Do muito que aprendemos com o Professor, há um aspecto muito particular que nos tocou, e desde que tomámos consciência dele tentámos praticá-lo, e não porque ele alguma vez o tenha explicitado, mas nós captámo-lo assim: não baixar o nível na exposição qualquer que seja o tema, e nomeadamente na relação professor - aluno. Não escamotear as bases de partida que não se possuem. De facto, nunca o vimos desdobrar-se em formas menores para explicar o que era complexo. E há um outro de que os agora nossos orientandos  beneficiam pois com frequência valorizam a relação que estabelecemos com eles. Costumamos dizer: só temos de fazer o que o Professor Rogério Fernandes Ferreira fez connosco. Orientou mesmo, no plano teórico e prático. Seguindo caminhos já calacorreados por outros mas inventando no percurso que se ia fazendo.
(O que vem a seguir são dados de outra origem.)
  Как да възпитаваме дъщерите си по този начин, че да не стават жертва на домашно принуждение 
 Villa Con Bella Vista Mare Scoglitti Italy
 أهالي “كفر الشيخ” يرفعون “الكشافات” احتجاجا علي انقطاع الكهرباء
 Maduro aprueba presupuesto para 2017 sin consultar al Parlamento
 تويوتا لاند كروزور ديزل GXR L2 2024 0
Podiamos ficar por aqui e dizer que esta seria a nossa pequena homenagem a esta «pessoa boa» que é o que nos ocorre em primeiro lugar e que nós pensamos ser o melhor  que se pode  dizer de alguém. «Gente, gente», numa expressão mais restrita que muito utilizamos entre  amigos. 
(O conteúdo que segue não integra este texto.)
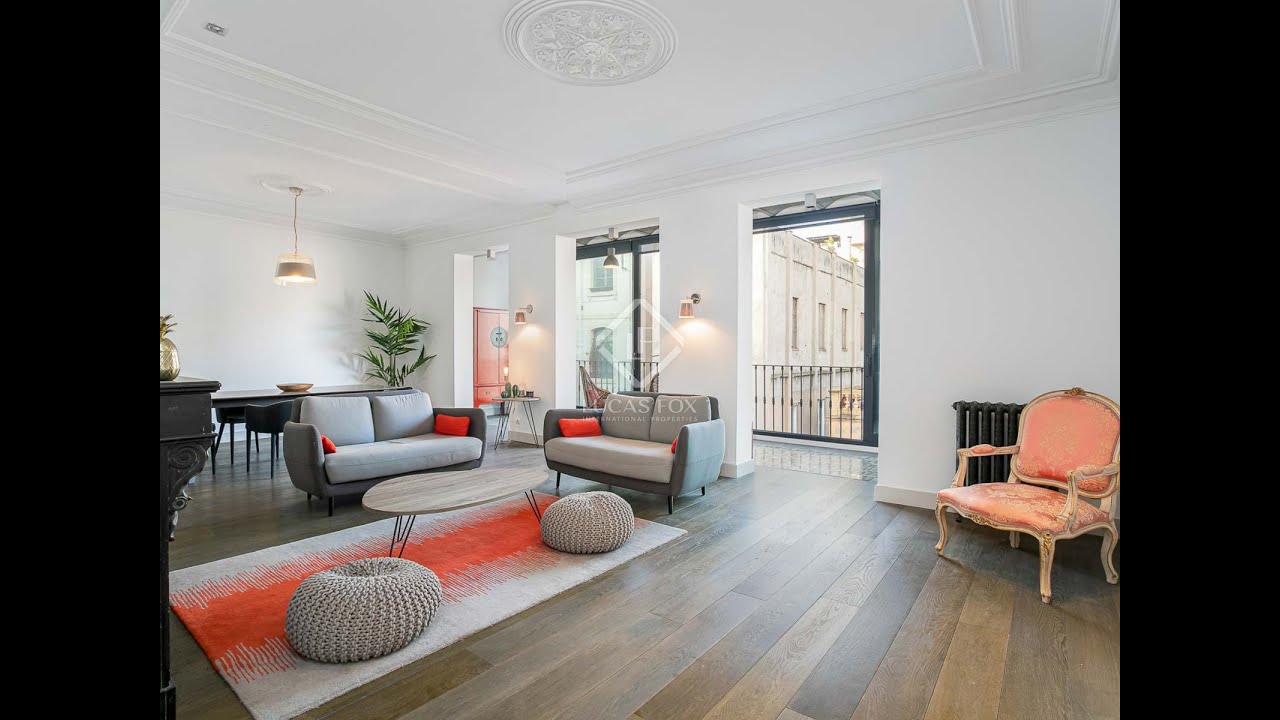 Bright 180 m&sup2; renovated apartment with period features, located in El Born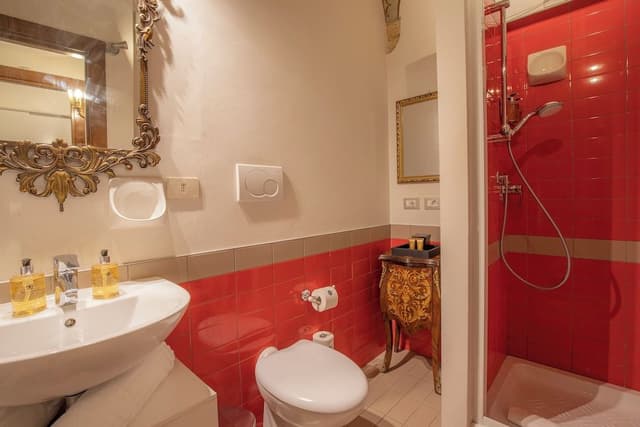 Deluxe Suite, City View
Mas para além disto pensamos que tem cabimento falar aqui dum acontecimento  especial, o da sua participação no Seminário Organizações, Cultura & Artes de que já falámos aqui nestes blogue - veja aqui . Acedeu, amavelmente, ao convite formal que o Professor Rui Vieira Nery e o Professor João Carvalho das Neves lhe fizeram para coordenar um dos paineis - Acompanhamento Financeiro das Organizações [que eram organizações de cultura e artes] - onde como na generalidade dos debates se queria numa mesma ocasião «confrontar» os das artes com os da economia, da gestão, das finanças. A imagem acima mostra os elementos da mesa - O Professor Rogério Fernandes Ferreira ao centro; e de um lado os então Presidente do Tribunal de Contas Alfredo de Sousa e o Bastonário da Ordem dos Revisores Oficiais de Contas José Vieira dos Reis ; do outro lado, das artes,  Mário Barradas (falecido no fim do ano passado) e José Carlos Faria para  falarem da cultura e das artes centrados no  CENDREV. Foi um Seminário em que as intervenções foram unanimemente consideradas de grande qualidade, e neste momento em que tanto se está a falar das artes e da cultura, fizemos um pequeno dossiê que pode ver aqui duma versão corrigida para edição  sobre o seminário (mas que até à data não aconteceu) que revela o pensamento do Professor sobre matérias então discutidas e  tão actuais. Disse isto, por exemplo:

 «um teatro ou uma televisão podem não ter espectadores suficientes mas há critérios de ordem não financeira que impõem que a actividade deva realizar-se ou nela deva investir-se».

 Lembramos a sua grande satisfação ao ver o Auditório do ISEG repleto com participantes vindos de todo o País e de ter comentado isso no início da sua intervenção.

 Uma pequena homenagem, e, uma vez mais, como em relação a outros que recentemente nos deixaram, uma forma de contribuirmos para cuidar do futuro do seu contributo para a reflexão na esfera da cultura e das artes.

 

Bom, sabemos destas coisas porque fizemos parte da equipa que identificou e organizou a iniciativa.